Without any images, write the listing below out word for word.

GIVEN DATA
[Start of section]

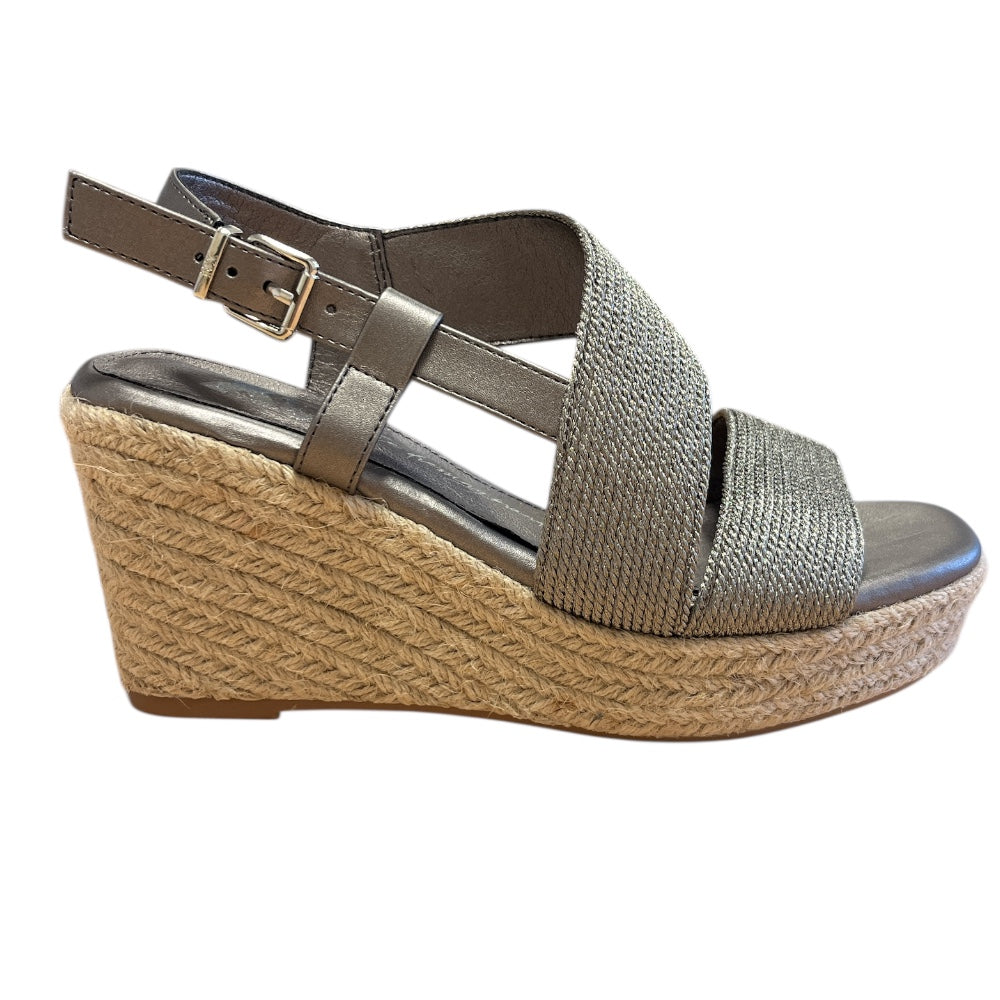 Xti 145335 Pewter Strappy Espadrille Wedge Sandals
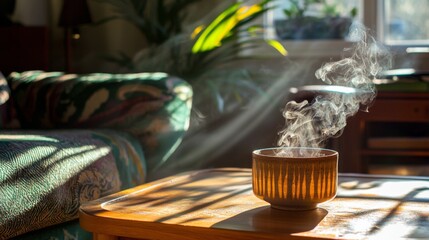 Warm morning light casting soft shadows on a wooden coffee table with a steaming cup. --chaos 20 --ar 16:9 --quality 2 --v 6.1 Job ID: 4c9596a5-5d9f-4b2a-b3ff-09ed65ac9607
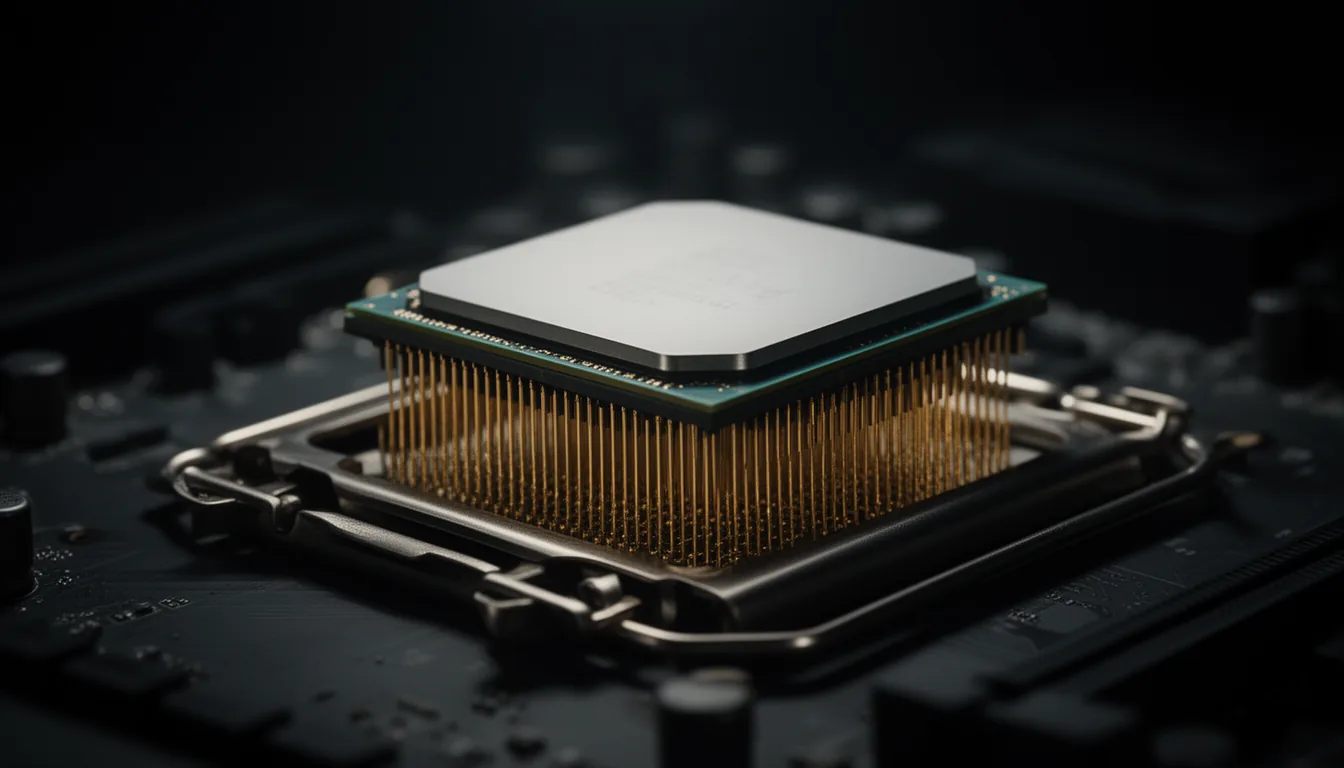 A modern desktop CPU processor resting on a motherboard socket, dramatic close-up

[End of section]

SOLUTION TO THE EXERCISE
 Xti 145335 Pewter Strappy Espadrille Wedge Sandals
 Warm morning light casting soft shadows on a wooden coffee table with a steaming cup. --chaos 20 --ar 16:9 --quality 2 --v 6.1 Job ID: 4c9596a5-5d9f-4b2a-b3ff-09ed65ac9607
 A modern desktop CPU processor resting on a motherboard socket, dramatic close-up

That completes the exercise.